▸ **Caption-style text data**

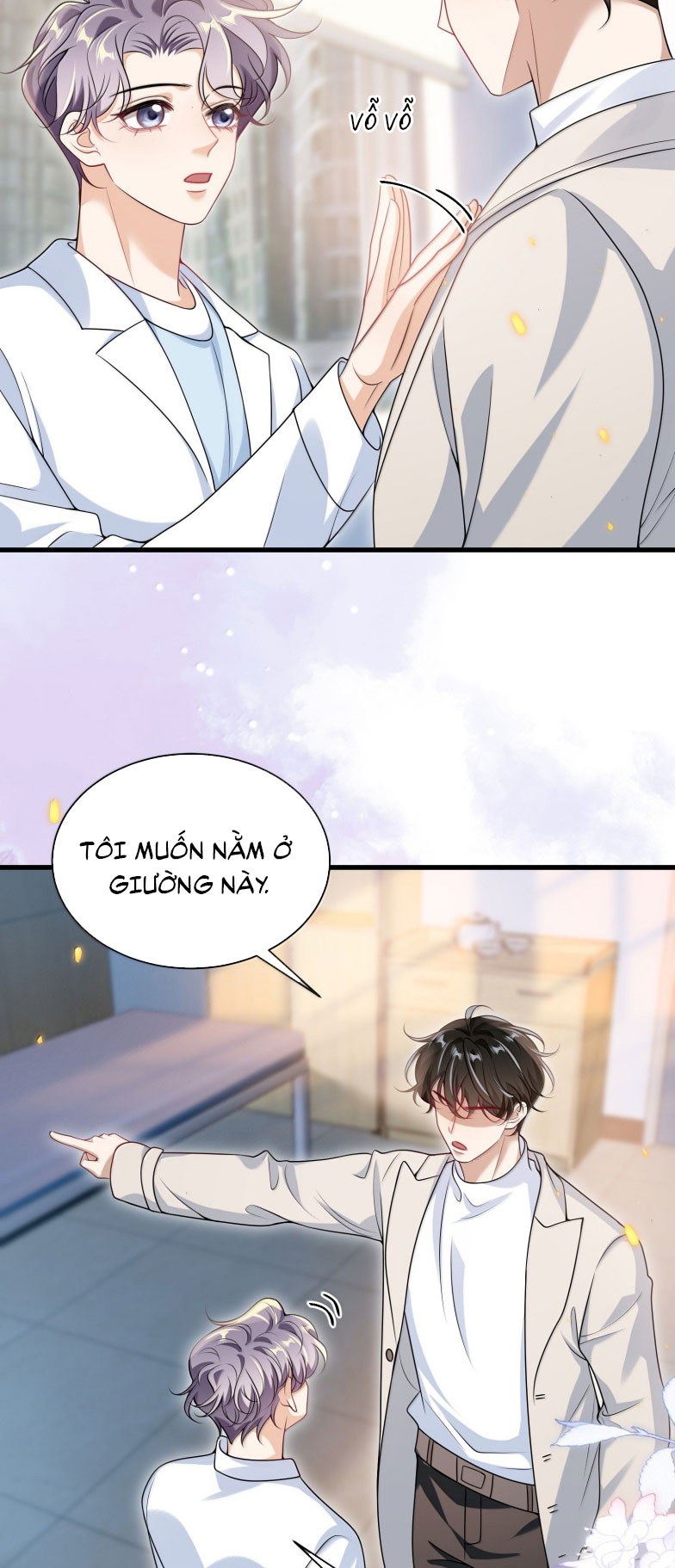 Thẳng Thắn Từ Nghiêm Chapter 139 - Trang 4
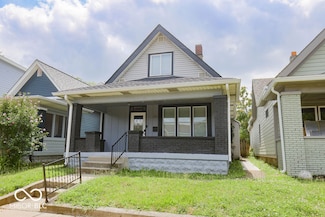1715 Fletcher Ave, Indianapolis, IN 46203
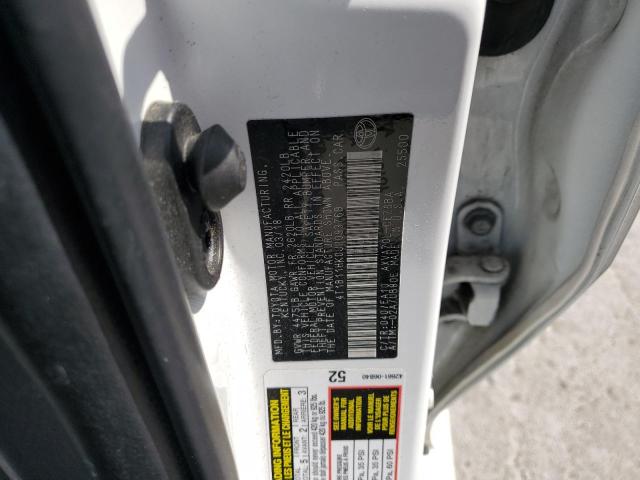 2018 TOYOTA CAMRY L 4T1B11HK0JU093769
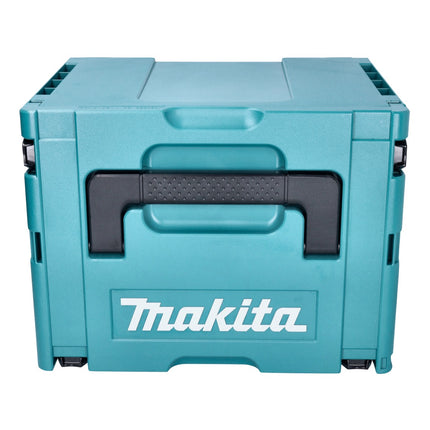 Makita Makpac 4 system Coffret 395 x 295 x 315 mm + insert assorti pour DGA 511 /513 / 514 / 515 / 517 /519 et DHR 243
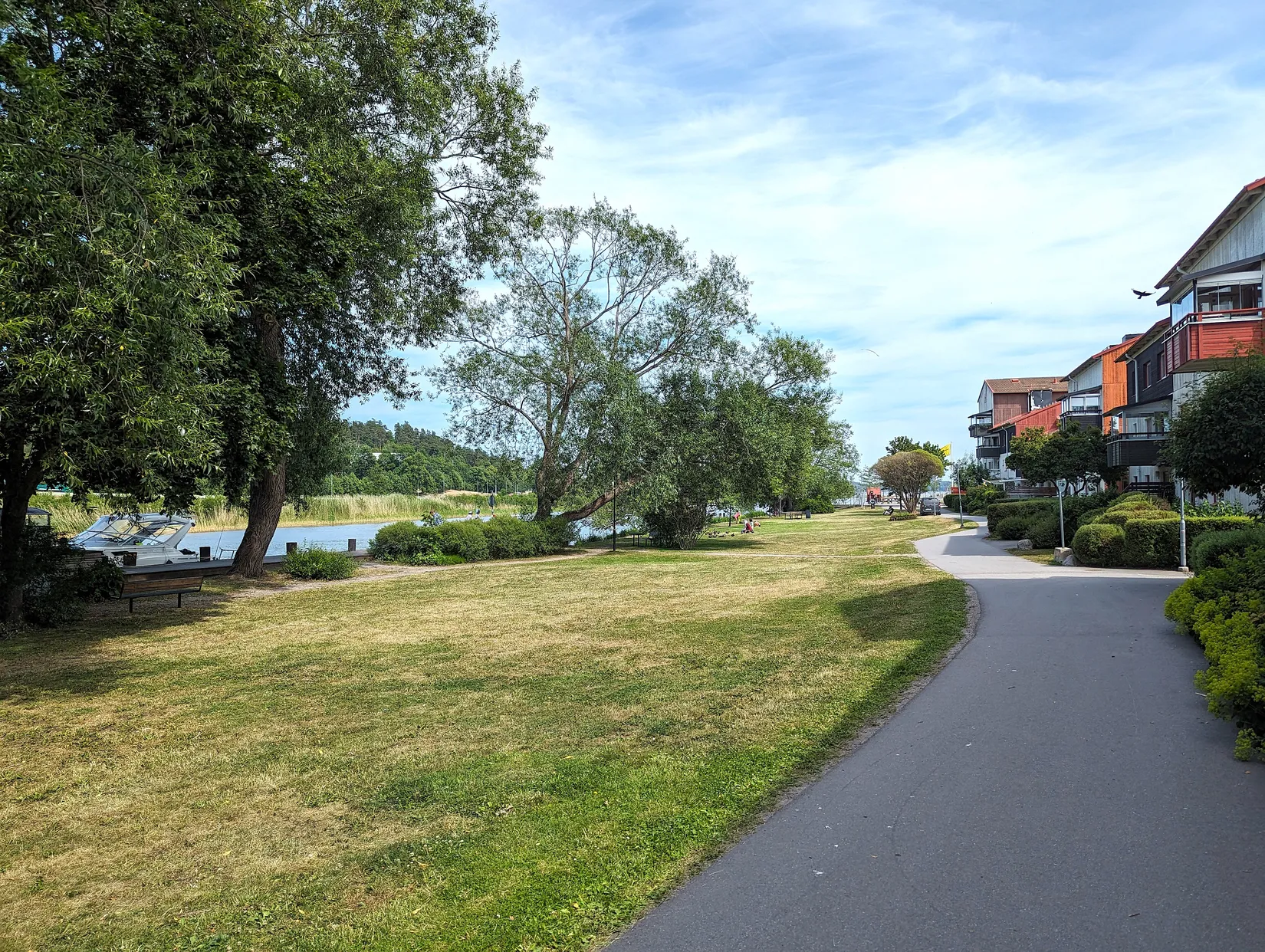Bostadsrätt, Brädgårdsvägen 4, Ekerö Tappsund, Ekerö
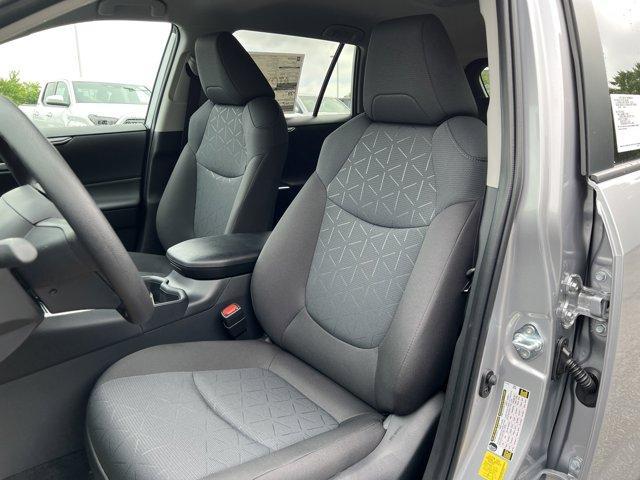 new 2025 Toyota RAV4 Hybrid car, priced at $35,534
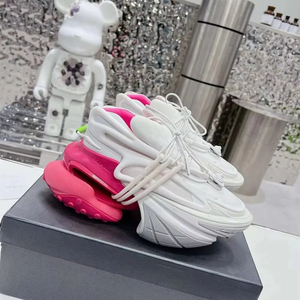 Top High Quality Balmainer Designer Sneakers for <b>Men</b> New Style Trend Basketball Skateboard <b>Trainer</b> Shoes Spring <b>Winter</b> Autumn 3D - Product Image 5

▸ **Exercise details**
All of the records above are to be written out exactly, minus their images.

▸ **Exercise result**
 Thẳng Thắn Từ Nghiêm Chapter 139 - Trang 4
1715 Fletcher Ave, Indianapolis, IN 46203
 2018 TOYOTA CAMRY L 4T1B11HK0JU093769
 Makita Makpac 4 system Coffret 395 x 295 x 315 mm + insert assorti pour DGA 511 /513 / 514 / 515 / 517 /519 et DHR 243
Bostadsrätt, Brädgårdsvägen 4, Ekerö Tappsund, Ekerö
 new 2025 Toyota RAV4 Hybrid car, priced at $35,534
 Top High Quality Balmainer Designer Sneakers for <b>Men</b> New Style Trend Basketball Skateboard <b>Trainer</b> Shoes Spring <b>Winter</b> Autumn 3D - Product Image 5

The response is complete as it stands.